Basic site analytics doesn't tally with Google data
- by Jenkz
After being stumped by an earlier quesiton: SO google-analytics-domain-data-without-filtering
I've been experimenting with a very basic analytics system of my own.
MySQL table:
hit_id, subsite_id, timestamp, ip, url
The subsite_id let's me drill down to a folder (as explained in the previous question).
I can now get the following metrics:
Page Views - Grouped by subsite_id and date
Unique Page Views - Grouped by subsite_id, date, url, IP (not nesecarily how Google does it!)
The usual "most visited page", "likely time to visit" etc etc.

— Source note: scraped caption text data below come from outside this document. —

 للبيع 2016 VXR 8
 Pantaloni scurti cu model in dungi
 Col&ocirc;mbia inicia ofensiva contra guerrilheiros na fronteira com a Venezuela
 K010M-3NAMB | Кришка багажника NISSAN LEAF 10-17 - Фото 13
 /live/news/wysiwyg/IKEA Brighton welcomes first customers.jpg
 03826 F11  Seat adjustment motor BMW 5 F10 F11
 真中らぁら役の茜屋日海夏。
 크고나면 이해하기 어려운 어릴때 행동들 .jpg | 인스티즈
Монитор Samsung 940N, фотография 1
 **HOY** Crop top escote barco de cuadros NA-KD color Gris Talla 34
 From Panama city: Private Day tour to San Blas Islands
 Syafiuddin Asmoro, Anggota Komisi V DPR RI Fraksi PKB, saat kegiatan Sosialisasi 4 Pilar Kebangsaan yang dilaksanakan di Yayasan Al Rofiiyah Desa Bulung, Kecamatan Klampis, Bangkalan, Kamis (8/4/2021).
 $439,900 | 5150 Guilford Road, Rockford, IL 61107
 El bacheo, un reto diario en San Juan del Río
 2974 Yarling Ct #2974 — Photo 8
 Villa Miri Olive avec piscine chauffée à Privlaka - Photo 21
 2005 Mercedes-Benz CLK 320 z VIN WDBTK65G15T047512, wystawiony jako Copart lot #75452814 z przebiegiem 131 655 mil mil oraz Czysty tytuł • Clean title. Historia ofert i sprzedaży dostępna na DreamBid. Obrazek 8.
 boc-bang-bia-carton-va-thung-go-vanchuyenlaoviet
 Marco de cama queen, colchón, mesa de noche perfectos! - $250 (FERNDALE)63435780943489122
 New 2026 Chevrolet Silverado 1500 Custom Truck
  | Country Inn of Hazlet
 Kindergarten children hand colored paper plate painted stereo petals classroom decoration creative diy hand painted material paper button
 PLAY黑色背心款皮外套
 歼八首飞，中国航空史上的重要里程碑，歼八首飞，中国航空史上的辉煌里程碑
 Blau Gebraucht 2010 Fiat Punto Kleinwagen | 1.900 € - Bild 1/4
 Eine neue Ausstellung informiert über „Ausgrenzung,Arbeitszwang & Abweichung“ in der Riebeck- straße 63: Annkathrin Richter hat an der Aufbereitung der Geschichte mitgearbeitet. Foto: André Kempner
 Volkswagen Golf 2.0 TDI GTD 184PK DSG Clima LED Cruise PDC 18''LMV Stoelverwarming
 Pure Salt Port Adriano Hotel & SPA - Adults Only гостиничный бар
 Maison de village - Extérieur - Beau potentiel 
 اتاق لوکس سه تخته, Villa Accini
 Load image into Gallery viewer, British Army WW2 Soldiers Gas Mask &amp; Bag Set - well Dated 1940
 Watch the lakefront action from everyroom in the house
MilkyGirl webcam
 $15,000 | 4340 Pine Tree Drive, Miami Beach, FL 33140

I've now compared my data to that in Google Analytics and found that Google has lower values each metric. Ie, my own setup is counting more hits than Google.
So I've started discounting IP's from various web crawlers, Google, Yahoo & Dotbot so far.
Short Questions:
Is it worth me collating a list of
all major crawlers to discount, is
any list likely to change regularly?
Are there any other obvious filters
that Google will be applying to GA
data?
What other data would you
collect that might be of use further
down the line?
What variables does
Google use to work out entrance
search keywords to a site?
The data is only going to used internally for our own "subsite ranking system", but I would like to show my users some basic data (page views, most popular pages etc) for their reference.